A Mini-History of Oracle and PL/SQL

This chapter answers two questions: where did PL/SQL come from and why is it the best database development language ever developed?

In the late 70s, around the time Ingres was getting started at UC Berkeley, three guys working on a contract for the CIA got together and started a company called Relational Software, Inc.

Their first product was a relational database called Oracle. The founders decided to use the C language for development. This would later become important when they decided to start porting to different platforms.

They also decided to support SQL as the internal data access language. This would also become a very important factor to its success. In 1979, Relational Software was the only company making an SQL compliant database. If anyone ever asks you who wrote the first SQL database, you now know the answer: Oracle.

To access the database, to write an application for example, you had to use an external language and compiler. In the early days of Oracle, that was C but, in time, several other languages were added: COBOL, ADA, Fortran, PL/1, and others.

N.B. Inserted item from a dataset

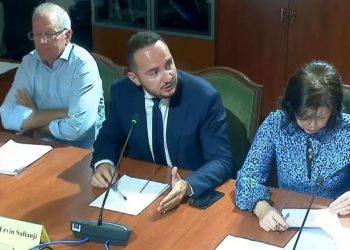 “Dhe me dekoratat do të merrni vota”? Salianji: Qeveria po i merr kompetencat Presidentit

In the early 1980s, the company was renamed Oracle Corporation. That would just be the beginning of Oracle’s desire to rename its products. In my time using the Oracle database, I think every tool I have used has been renamed at least once. In the case of CDE/Developer 2000/Developer Suite, it has been renamed enough to be confusing.

Oracle did not have an embedded language for many years. Having come from a government background, when they chose a language for the database, they modeled it on ADA.

I programmed in ADA for a few years in the 1980s while I was working as a consultant for the US Department of Defense. It is a very powerful, but very wordy, object oriented language. ADA, and by extension PL/SQL, are descendants of Pascal.

Oracle named this new language PL/SQL; the Procedural Language extension to SQL. I pronounce it pee ell sequel but many others pronounce it pee ell ess que ell. Feel free to pronounce it however you like though.